Ich mache jetzt mal eine valide Studie. Das ist auch ein Grund, weshalb ich hier schreibe und nicht auf Twitter. Ich analysiere mal die Antworten. Ein Großteil der Antworten kommt von Lehrpersonen, also von Personen, die direkt mit dem Thema beschäftigt sind.

"Die Bedingungen, unter denen Kinder lernen, werden immer schlechter. ...", "Die Lehrer bekommen teils viel Gegenwind von Eltern,", "- schlechter werdende Lehr- und Lernbedingungen", "Der kürzlich veröffentlichte IQB-Bildungstrend ist sehr wichtig, kann aber leider durch sein Design keine Kausalzusammenhänge aufdecken...", "Nicht wissenschaftlich, sondern Beobachtung aus 28 Dienstjahren: Zu wenig Übung, zum Teil auch zu wenig durchgehende Korrektur in allen Fächern, ...", "Meine beiden Kinder mussten bis 4. Klasse nie einen Aufsatz schreiben.", "Ein Grund (von vielen) ist die Inklusion und die  heterogenen großen Klassen."

Kein einziger Twitter beantwortet die Frage! Daher kommt meine steile These: weil Lehrerinnen und Lehrer immer weniger Schreib-, Lese- und Mathekompetenz haben. Und im Nachsatz: und nicht die notwendige Sozialkompetenz, um diese zu vermitteln.

Ich behaupte mal, dass vor vierzig Jahren, also vor dem Händi- und Twitterzeitalter sogar Lehrerinnen und Lehrer eher in der Lage waren eine Frage zu verstehen und sinnvoll darauf zu antworten als dies heute der Fall ist. Und es war damals schon schlimm und Rechtschreibung war vor vierzig Jahren schon überbewertet.

Diese These würde meine These des Teufelskreises stützen, wonach schlechtere Bildung zu unfähigereren Lehrpersonen führt, die wiederum eine schlechtere Bildung veranstalten würden, die wiederum zu unfähigeren Lehrpersonen führt usw. - also eine unendliche Abwärtsspirale in Gang wäre.
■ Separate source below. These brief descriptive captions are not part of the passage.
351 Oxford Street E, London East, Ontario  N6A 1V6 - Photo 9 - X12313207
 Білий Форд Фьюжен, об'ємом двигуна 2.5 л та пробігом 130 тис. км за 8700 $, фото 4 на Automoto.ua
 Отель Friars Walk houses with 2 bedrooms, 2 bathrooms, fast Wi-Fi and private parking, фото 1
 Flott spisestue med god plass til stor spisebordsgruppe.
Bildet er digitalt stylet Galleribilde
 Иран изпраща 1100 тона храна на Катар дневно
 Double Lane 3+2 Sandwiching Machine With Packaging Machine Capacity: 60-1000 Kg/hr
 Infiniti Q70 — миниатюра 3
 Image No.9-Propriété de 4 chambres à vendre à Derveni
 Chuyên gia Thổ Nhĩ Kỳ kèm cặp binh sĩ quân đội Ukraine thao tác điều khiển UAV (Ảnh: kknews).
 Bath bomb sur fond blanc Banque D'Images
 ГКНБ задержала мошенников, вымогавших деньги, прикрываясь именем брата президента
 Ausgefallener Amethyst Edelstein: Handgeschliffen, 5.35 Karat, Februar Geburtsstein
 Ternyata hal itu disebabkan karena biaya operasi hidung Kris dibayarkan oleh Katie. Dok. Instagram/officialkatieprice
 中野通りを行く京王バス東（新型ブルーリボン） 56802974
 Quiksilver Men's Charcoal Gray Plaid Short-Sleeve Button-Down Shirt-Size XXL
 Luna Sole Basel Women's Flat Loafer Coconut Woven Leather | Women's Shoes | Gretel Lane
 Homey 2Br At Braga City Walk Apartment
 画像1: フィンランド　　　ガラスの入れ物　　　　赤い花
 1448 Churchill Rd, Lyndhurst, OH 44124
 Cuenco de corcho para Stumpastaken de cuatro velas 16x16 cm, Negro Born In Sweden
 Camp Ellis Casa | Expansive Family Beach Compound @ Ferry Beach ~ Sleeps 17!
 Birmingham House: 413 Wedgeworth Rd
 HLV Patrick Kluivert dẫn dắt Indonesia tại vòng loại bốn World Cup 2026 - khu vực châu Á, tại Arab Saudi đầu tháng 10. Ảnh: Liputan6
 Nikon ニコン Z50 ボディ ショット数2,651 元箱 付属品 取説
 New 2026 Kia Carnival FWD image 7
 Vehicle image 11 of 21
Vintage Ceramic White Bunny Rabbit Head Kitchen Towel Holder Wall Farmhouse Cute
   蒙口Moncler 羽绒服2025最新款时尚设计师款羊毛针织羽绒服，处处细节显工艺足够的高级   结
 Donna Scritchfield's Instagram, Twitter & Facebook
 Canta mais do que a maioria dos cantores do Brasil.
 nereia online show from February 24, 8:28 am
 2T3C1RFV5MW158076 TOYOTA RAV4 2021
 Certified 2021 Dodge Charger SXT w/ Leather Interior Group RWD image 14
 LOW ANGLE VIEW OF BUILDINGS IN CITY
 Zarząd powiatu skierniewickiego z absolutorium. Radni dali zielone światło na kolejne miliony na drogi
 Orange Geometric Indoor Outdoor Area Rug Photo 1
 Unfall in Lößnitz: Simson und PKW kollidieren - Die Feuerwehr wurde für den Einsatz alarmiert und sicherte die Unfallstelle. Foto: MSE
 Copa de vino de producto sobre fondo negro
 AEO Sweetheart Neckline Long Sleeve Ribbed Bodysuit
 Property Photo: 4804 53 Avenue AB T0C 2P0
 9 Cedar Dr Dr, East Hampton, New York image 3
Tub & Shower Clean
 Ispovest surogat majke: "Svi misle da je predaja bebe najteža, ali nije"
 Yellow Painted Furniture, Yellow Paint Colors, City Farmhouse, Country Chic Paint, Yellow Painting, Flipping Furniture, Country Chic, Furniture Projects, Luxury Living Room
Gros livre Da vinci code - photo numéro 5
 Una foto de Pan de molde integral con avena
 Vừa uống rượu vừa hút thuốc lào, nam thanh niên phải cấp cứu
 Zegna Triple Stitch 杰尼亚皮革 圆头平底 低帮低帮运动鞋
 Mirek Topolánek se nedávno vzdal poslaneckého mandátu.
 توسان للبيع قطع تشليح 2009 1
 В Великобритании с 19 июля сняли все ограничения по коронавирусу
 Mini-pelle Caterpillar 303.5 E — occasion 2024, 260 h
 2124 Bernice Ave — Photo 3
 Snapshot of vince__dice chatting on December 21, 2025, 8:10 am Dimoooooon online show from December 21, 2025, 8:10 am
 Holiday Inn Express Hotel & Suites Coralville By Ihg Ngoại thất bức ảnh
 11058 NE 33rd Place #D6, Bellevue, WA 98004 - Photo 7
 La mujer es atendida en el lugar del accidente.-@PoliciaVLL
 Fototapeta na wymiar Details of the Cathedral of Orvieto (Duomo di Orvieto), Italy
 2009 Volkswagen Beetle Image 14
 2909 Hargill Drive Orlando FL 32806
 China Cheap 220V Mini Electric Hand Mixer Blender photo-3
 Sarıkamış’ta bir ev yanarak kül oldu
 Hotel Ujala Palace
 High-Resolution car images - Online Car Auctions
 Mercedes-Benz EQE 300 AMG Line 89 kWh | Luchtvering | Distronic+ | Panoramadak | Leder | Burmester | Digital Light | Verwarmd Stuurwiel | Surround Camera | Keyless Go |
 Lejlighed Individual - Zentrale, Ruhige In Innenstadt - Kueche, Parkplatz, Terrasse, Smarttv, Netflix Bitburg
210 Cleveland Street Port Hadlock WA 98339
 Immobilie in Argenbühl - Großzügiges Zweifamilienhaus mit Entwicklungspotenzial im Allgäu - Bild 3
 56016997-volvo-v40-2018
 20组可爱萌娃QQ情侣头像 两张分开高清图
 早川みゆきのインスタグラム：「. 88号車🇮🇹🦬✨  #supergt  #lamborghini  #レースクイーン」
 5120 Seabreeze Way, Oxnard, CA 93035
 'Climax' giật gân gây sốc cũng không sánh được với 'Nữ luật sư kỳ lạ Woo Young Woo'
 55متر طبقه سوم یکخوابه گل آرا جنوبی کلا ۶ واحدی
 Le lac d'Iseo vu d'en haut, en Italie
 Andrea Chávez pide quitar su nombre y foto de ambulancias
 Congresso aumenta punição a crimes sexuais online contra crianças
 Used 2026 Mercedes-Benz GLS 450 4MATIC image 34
Ich wage aber eine weitere These: dass der Mensch irgendwann tatsächlich dahin kommt, diese Spirale aufzuhalten oder umzukehren bevor die gesamte Menschheit im Chaos versinkt. Wir brauchen nur den Mut das Kopftuch der Dummheit abzunehmen und frei in die Welt zu schauen. Dann kämen wir zu ähnlichen Antworten wie Andreas Schleicher oder John Hattie. Dann kann uns der ganze Autoritätsquatsch quer den Buckel runter rutschen und Schülerinnen und Schüler könnten endlich wieder mit Begeisterung dasjenige lernen, was sie fürs Leben brauchen.